__WHAT YOU ARE ASKED TO DO__
All of the entries below must be copied out exactly.
○ ○ ○ ○ ○ ○ ○
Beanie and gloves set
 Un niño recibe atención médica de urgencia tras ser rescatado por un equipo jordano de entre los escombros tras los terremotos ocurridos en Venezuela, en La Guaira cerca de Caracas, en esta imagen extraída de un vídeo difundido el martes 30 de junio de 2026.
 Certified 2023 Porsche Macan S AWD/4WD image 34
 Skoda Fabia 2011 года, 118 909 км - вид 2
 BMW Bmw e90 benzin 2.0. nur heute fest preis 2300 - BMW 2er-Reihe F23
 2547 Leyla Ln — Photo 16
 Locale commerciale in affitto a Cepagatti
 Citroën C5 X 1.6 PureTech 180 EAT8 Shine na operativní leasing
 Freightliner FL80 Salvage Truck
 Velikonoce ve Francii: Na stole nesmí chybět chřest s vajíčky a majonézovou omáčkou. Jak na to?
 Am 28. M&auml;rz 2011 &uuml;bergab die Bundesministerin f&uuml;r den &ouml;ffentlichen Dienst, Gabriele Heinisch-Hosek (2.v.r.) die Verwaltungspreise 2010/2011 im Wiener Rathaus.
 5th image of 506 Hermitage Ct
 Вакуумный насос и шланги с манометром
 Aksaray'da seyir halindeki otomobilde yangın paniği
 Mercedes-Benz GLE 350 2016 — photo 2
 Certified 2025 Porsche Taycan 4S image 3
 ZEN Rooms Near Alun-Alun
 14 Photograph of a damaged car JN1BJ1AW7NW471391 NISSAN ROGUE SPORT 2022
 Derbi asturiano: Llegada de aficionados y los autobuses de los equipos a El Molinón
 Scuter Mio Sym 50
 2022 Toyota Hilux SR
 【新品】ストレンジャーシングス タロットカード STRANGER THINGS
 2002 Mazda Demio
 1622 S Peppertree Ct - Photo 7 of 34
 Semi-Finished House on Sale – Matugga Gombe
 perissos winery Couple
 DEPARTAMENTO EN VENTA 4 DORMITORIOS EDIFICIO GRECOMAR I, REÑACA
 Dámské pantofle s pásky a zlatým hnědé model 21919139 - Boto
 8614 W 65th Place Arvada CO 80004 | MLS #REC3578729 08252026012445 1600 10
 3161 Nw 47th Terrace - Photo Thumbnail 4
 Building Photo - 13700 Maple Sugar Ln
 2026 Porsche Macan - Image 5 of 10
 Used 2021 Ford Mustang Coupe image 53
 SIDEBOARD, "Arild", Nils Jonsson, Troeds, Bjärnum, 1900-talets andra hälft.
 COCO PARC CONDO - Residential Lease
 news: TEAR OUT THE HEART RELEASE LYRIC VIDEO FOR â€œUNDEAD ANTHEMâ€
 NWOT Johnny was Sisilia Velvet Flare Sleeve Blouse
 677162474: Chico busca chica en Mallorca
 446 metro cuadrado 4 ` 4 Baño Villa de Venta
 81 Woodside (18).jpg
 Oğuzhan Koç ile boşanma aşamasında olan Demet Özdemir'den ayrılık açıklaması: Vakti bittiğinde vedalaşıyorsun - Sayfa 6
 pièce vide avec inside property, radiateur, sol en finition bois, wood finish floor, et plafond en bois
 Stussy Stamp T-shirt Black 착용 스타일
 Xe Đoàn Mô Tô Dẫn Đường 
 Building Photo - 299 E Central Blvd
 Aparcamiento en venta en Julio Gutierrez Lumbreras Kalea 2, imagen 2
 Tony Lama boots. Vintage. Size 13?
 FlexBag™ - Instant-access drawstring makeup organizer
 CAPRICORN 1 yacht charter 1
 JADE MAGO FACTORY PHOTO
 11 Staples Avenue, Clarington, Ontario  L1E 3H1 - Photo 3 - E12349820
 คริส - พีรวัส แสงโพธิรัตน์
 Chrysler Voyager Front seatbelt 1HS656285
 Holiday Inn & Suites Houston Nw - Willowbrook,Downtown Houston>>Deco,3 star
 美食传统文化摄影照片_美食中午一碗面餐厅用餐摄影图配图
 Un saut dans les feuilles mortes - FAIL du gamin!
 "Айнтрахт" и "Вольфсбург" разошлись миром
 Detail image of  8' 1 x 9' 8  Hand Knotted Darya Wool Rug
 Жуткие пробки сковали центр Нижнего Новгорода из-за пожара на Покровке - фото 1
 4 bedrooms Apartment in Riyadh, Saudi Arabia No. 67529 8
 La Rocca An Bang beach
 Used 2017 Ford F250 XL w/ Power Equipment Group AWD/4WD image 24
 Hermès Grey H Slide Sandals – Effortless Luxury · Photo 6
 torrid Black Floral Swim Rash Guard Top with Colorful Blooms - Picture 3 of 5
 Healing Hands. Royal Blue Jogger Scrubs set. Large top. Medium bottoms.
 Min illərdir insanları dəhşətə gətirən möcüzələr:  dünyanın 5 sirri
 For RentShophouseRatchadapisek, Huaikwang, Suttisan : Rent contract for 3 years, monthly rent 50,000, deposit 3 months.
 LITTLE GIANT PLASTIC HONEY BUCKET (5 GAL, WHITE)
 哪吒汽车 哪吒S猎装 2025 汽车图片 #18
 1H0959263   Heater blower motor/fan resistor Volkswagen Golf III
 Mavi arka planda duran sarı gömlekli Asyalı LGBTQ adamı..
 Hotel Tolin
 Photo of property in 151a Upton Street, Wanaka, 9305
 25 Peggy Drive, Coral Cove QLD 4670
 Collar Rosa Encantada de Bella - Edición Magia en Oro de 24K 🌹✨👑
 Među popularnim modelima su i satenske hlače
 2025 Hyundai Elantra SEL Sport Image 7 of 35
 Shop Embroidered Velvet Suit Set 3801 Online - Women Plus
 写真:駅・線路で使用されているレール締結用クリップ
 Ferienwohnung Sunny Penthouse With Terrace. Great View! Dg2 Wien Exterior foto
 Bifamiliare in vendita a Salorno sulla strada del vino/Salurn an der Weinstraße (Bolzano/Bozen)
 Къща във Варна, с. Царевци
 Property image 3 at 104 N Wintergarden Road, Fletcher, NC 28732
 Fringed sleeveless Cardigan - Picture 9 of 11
○ ○ ○ ○ ○ ○ ○
__SOLVED PROBLEM__
Beanie and gloves set
 Un niño recibe atención médica de urgencia tras ser rescatado por un equipo jordano de entre los escombros tras los terremotos ocurridos en Venezuela, en La Guaira cerca de Caracas, en esta imagen extraída de un vídeo difundido el martes 30 de junio de 2026.
 Certified 2023 Porsche Macan S AWD/4WD image 34
 Skoda Fabia 2011 года, 118 909 км - вид 2
 BMW Bmw e90 benzin 2.0. nur heute fest preis 2300 - BMW 2er-Reihe F23
 2547 Leyla Ln — Photo 16
 Locale commerciale in affitto a Cepagatti
 Citroën C5 X 1.6 PureTech 180 EAT8 Shine na operativní leasing
 Freightliner FL80 Salvage Truck
 Velikonoce ve Francii: Na stole nesmí chybět chřest s vajíčky a majonézovou omáčkou. Jak na to?
 Am 28. M&auml;rz 2011 &uuml;bergab die Bundesministerin f&uuml;r den &ouml;ffentlichen Dienst, Gabriele Heinisch-Hosek (2.v.r.) die Verwaltungspreise 2010/2011 im Wiener Rathaus.
 5th image of 506 Hermitage Ct
 Вакуумный насос и шланги с манометром
 Aksaray'da seyir halindeki otomobilde yangın paniği
 Mercedes-Benz GLE 350 2016 — photo 2
 Certified 2025 Porsche Taycan 4S image 3
 ZEN Rooms Near Alun-Alun
 14 Photograph of a damaged car JN1BJ1AW7NW471391 NISSAN ROGUE SPORT 2022
 Derbi asturiano: Llegada de aficionados y los autobuses de los equipos a El Molinón
 Scuter Mio Sym 50
 2022 Toyota Hilux SR
 【新品】ストレンジャーシングス タロットカード STRANGER THINGS
 2002 Mazda Demio
 1622 S Peppertree Ct - Photo 7 of 34
 Semi-Finished House on Sale – Matugga Gombe
 perissos winery Couple
 DEPARTAMENTO EN VENTA 4 DORMITORIOS EDIFICIO GRECOMAR I, REÑACA
 Dámské pantofle s pásky a zlatým hnědé model 21919139 - Boto
 8614 W 65th Place Arvada CO 80004 | MLS #REC3578729 08252026012445 1600 10
 3161 Nw 47th Terrace - Photo Thumbnail 4
 Building Photo - 13700 Maple Sugar Ln
 2026 Porsche Macan - Image 5 of 10
 Used 2021 Ford Mustang Coupe image 53
 SIDEBOARD, "Arild", Nils Jonsson, Troeds, Bjärnum, 1900-talets andra hälft.
 COCO PARC CONDO - Residential Lease
 news: TEAR OUT THE HEART RELEASE LYRIC VIDEO FOR â€œUNDEAD ANTHEMâ€
 NWOT Johnny was Sisilia Velvet Flare Sleeve Blouse
 677162474: Chico busca chica en Mallorca
 446 metro cuadrado 4 ` 4 Baño Villa de Venta
 81 Woodside (18).jpg
 Oğuzhan Koç ile boşanma aşamasında olan Demet Özdemir'den ayrılık açıklaması: Vakti bittiğinde vedalaşıyorsun - Sayfa 6
 pièce vide avec inside property, radiateur, sol en finition bois, wood finish floor, et plafond en bois
 Stussy Stamp T-shirt Black 착용 스타일
 Xe Đoàn Mô Tô Dẫn Đường 
 Building Photo - 299 E Central Blvd
 Aparcamiento en venta en Julio Gutierrez Lumbreras Kalea 2, imagen 2
 Tony Lama boots. Vintage. Size 13?
 FlexBag™ - Instant-access drawstring makeup organizer
 CAPRICORN 1 yacht charter 1
 JADE MAGO FACTORY PHOTO
 11 Staples Avenue, Clarington, Ontario  L1E 3H1 - Photo 3 - E12349820
 คริส - พีรวัส แสงโพธิรัตน์
 Chrysler Voyager Front seatbelt 1HS656285
 Holiday Inn & Suites Houston Nw - Willowbrook,Downtown Houston>>Deco,3 star
 美食传统文化摄影照片_美食中午一碗面餐厅用餐摄影图配图
 Un saut dans les feuilles mortes - FAIL du gamin!
 "Айнтрахт" и "Вольфсбург" разошлись миром
 Detail image of  8' 1 x 9' 8  Hand Knotted Darya Wool Rug
 Жуткие пробки сковали центр Нижнего Новгорода из-за пожара на Покровке - фото 1
 4 bedrooms Apartment in Riyadh, Saudi Arabia No. 67529 8
 La Rocca An Bang beach
 Used 2017 Ford F250 XL w/ Power Equipment Group AWD/4WD image 24
 Hermès Grey H Slide Sandals – Effortless Luxury · Photo 6
 torrid Black Floral Swim Rash Guard Top with Colorful Blooms - Picture 3 of 5
 Healing Hands. Royal Blue Jogger Scrubs set. Large top. Medium bottoms.
 Min illərdir insanları dəhşətə gətirən möcüzələr:  dünyanın 5 sirri
 For RentShophouseRatchadapisek, Huaikwang, Suttisan : Rent contract for 3 years, monthly rent 50,000, deposit 3 months.
 LITTLE GIANT PLASTIC HONEY BUCKET (5 GAL, WHITE)
 哪吒汽车 哪吒S猎装 2025 汽车图片 #18
 1H0959263   Heater blower motor/fan resistor Volkswagen Golf III
 Mavi arka planda duran sarı gömlekli Asyalı LGBTQ adamı..
 Hotel Tolin
 Photo of property in 151a Upton Street, Wanaka, 9305
 25 Peggy Drive, Coral Cove QLD 4670
 Collar Rosa Encantada de Bella - Edición Magia en Oro de 24K 🌹✨👑
 Među popularnim modelima su i satenske hlače
 2025 Hyundai Elantra SEL Sport Image 7 of 35
 Shop Embroidered Velvet Suit Set 3801 Online - Women Plus
 写真:駅・線路で使用されているレール締結用クリップ
 Ferienwohnung Sunny Penthouse With Terrace. Great View! Dg2 Wien Exterior foto
 Bifamiliare in vendita a Salorno sulla strada del vino/Salurn an der Weinstraße (Bolzano/Bozen)
 Къща във Варна, с. Царевци
 Property image 3 at 104 N Wintergarden Road, Fletcher, NC 28732
 Fringed sleeveless Cardigan - Picture 9 of 11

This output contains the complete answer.